On a global scale, there is concern that investors do not adequately understand the risks involved in debt crowdfunding. In Thailand, the concept is just getting off the ground. There will be plenty of need for educating investors, both as a means of reassurance and minimising negative outcomes for those who may be underinformed.

Low capital requirements

There is one notable difference in debt crowdfunding in Thailand as compared to other Asian markets: the minimum paid-up capital requirement for approved funding portals. This existed before the new regulations were introduced and is set at THB5 million (approximately $0.15 million), which is substantially lower than other countries in Asia and around the world. In Taiwan, for example, the minimum capital required for a crowdfunding platform is NT$50 million ($1.6 million).

While this is clearly intended to reflect the needs of smaller enterprises, the relatively low capital requirement has led to some concern that many crowdfunding platform businesses will fail to get off the ground due to the lack of financing being required.

Regional implications

In strengthening its regulation for P2P lending, Thailand has joined a growing legion of economies in southeast Asia attempting to stimulate growth in high-tech and emerging sectors, including China, Indonesia, Malaysia, Taiwan and Singapore. It is worth noting that the majority of these are upper-middle income or high-income economies, with the exception of Indonesia.
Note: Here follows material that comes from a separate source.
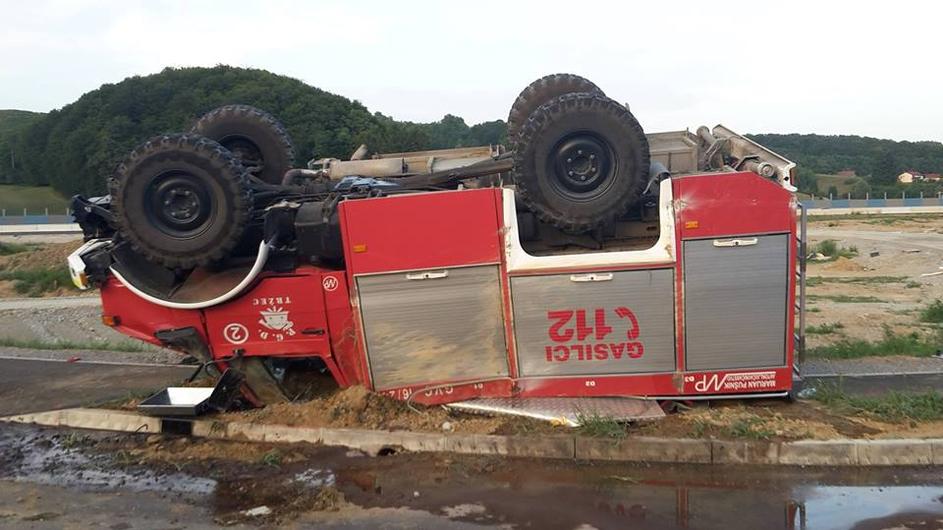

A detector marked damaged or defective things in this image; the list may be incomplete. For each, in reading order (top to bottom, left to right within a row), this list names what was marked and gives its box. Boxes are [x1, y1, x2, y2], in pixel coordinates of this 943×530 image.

overturned red fire truck [68, 75, 804, 404]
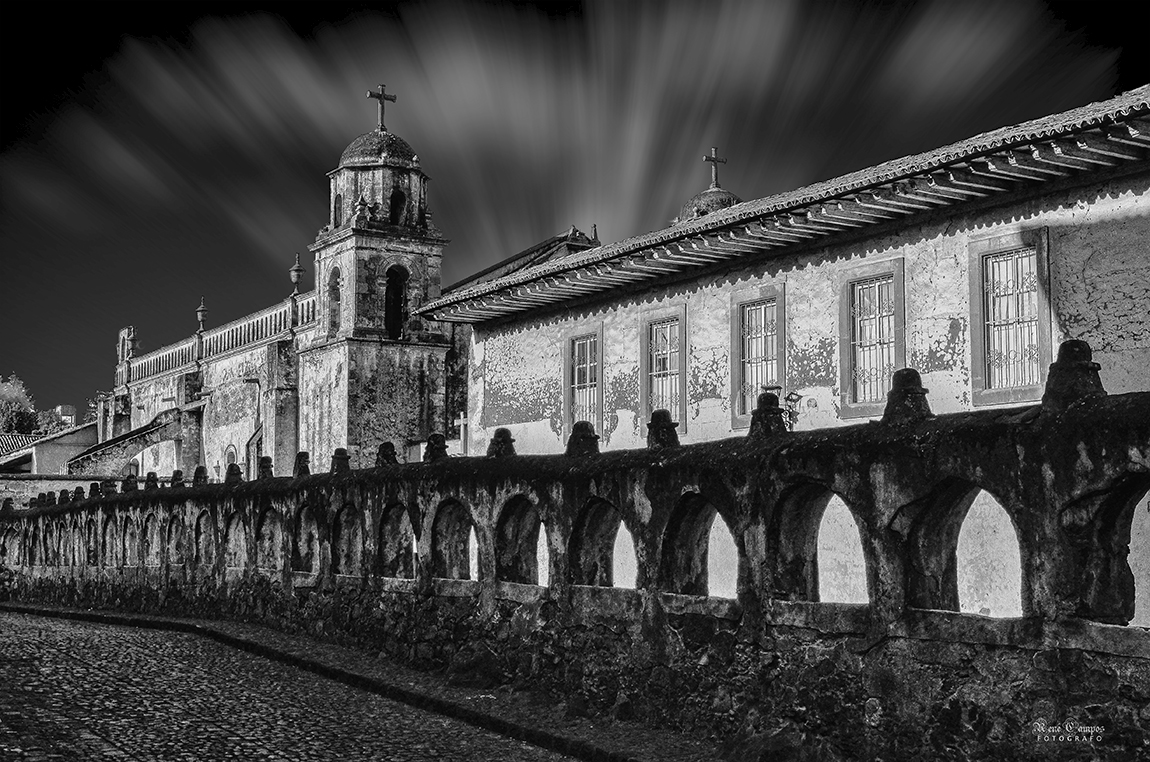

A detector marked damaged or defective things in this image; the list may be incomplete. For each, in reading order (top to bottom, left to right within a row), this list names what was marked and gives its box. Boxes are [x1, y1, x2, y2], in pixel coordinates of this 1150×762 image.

peeling plaster wall [466, 174, 1150, 452]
Amid a growing regional fintech market and the US-China trade war, all of these countries are trying to stake a claim as the next innovation hub and attract higher levels of investment in their startups and SMEs. This has huge potential for both domestic and foreign investment, but it remains to be seen whether it can measure up to countries with more developed economies.
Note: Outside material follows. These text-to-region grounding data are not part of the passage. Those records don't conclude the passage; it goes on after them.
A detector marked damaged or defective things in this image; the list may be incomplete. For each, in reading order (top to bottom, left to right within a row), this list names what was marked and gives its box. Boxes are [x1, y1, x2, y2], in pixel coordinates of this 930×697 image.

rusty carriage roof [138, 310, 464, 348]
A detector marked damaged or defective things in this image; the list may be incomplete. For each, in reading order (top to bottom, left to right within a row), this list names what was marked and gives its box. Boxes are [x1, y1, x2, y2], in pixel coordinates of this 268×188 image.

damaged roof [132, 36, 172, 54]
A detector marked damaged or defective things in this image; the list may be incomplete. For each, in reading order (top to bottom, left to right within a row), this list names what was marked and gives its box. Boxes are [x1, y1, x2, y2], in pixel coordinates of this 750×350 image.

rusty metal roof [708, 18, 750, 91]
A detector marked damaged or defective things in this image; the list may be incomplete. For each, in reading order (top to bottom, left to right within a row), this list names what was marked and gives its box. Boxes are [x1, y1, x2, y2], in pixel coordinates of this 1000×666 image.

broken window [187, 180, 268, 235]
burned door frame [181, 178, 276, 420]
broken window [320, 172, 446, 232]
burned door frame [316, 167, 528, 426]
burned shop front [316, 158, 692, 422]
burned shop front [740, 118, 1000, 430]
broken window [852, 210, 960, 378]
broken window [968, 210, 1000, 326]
It could also set a precedent for more middle-income countries, such as Vietnam or the Philippines, to focus on alternative funding models for small enterprises in innovation-led sectors. This would be positive for the southeast Asia region as a whole and put Thailand under pressure to continue improving its regulatory environment and incentives for investors in order to remain competitive.
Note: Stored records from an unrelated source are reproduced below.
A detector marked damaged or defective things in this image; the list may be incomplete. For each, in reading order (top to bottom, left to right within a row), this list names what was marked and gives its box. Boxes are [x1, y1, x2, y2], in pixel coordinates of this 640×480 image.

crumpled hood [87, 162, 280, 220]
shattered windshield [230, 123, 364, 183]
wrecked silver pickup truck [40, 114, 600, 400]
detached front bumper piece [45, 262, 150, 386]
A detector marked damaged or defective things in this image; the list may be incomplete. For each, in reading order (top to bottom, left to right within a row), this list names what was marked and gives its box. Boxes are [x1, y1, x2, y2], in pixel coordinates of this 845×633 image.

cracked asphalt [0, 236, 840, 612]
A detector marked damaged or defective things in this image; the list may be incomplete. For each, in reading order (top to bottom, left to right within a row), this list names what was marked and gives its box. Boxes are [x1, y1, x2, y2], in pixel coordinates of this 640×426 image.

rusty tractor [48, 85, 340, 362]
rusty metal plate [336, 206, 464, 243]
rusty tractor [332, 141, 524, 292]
Will Thailand's big swing pay off?

In updating its debt crowdfunding regulations, Thailand has broadened the playing field for investment opportunities and taken steps to mitigate risks for all involved parties in an emerging funding channel. This is undeniably a step in the right direction in terms of achieving its Thailand 4.0 objectives, giving smaller operations in emerging sectors the improved access to capital they need in order to reach their full potential.

However, like all new ideas, the greater opportunities often come hand-in-hand with heightened risk. While it is probably too soon to make concrete predictions about the future of crowdfunding in Thailand, it is certainly a promising time for innovation.